Preheat your oven to 375°F.  In a large pot or dutch oven, warm your butter and olive oil over medium/high heat. Once the butter has melted, through in your garlic, carrots, celery, and onions, and pancetta/prosciutto. Saute’ until your veggies are translucent and the fat has begun to render out. Add your ground pork and cook through. Add your white wine and scrape the bottom of the pan to get all of the tasty bits from the bottom of the pot. Add your tomato paste, milk, bay leaves and chicken broth. Stir to combine, then turn the heat down to low and let your sauce simmer for 1.5 to 2 hours.

When you are ready to prepare your pasticco, make your basciamella. In a large pan, melt 5 tablespoons of butter. Once melted, whisk in your flour. Cook for a few minutes, until your flour/butter mixture (roux) is a golden brown. Gradually begin to add your milk, whisking to combine. If you add your milk too quickly, your basciamella will not be thick, so go slowly! It is way easier to thin, than thicken. Once you have added all of your  milk, add nutmeg, salt and pepper , to taste.


The noodles I used did not require me to boil them before making my pasticco. If you use wavy lasagna noodles, please follow your package directions for noodle prep, then follow the directions below. If you use homemade noodles, follow the directions below.

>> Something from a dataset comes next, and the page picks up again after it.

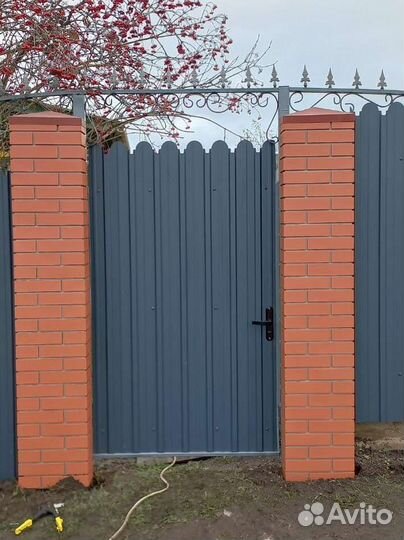 Забор, ворота, калитка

In a 9×13 pan, spread a thin layer of ragu’ on the bottom of the pan. Sprinkle some parmiagiano-reggiano. On top of that, lay three sheets of pasta. (Or follow your package directions). It is okay if the pasta does not touch the sides of the pan. As it cooks, it will expand. On top of the pasta, add a layer of bascimella, then cheese, and repeat. I had three layers of pasta, topped with a layer of basciamella and cheese. Cover with foil and bake for 45-60 minutes (or however long your pasta suggests). For the last 10 minutes, I removed the aluminum foil to allow the top to brown.